Task directions:
Would you please return the data below verbatim, without its pictures?

Data segment:
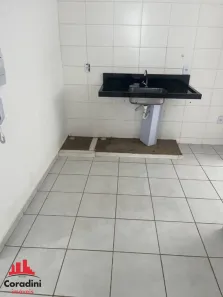 Apartamento com 2 Quartos à venda, 49m² no Jardim da Balsa II, Americana
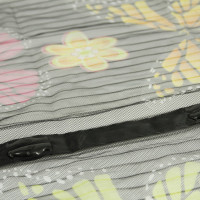 Противомоскитная сетка Rosenberg 100x210 см R-400026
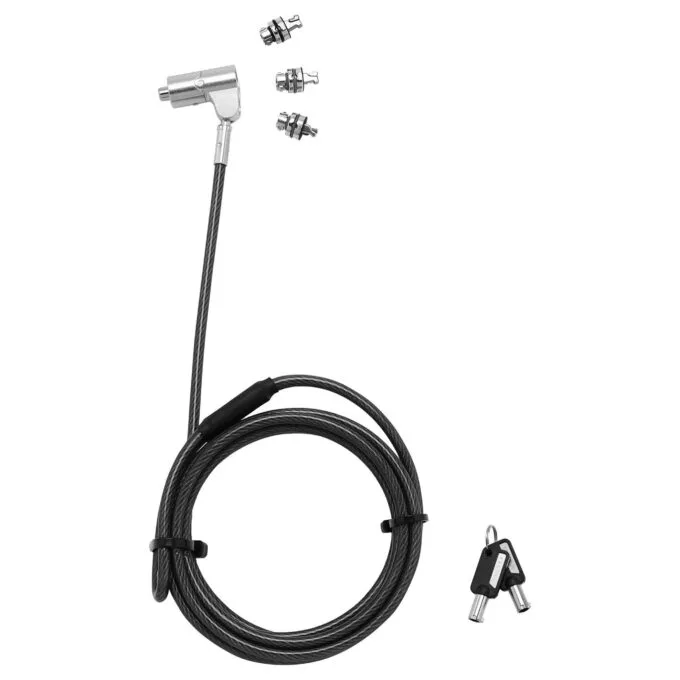 DICOTA D31699 cable lock — image 1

Result for this exercise:
 Apartamento com 2 Quartos à venda, 49m² no Jardim da Balsa II, Americana
 Противомоскитная сетка Rosenberg 100x210 см R-400026
 DICOTA D31699 cable lock — image 1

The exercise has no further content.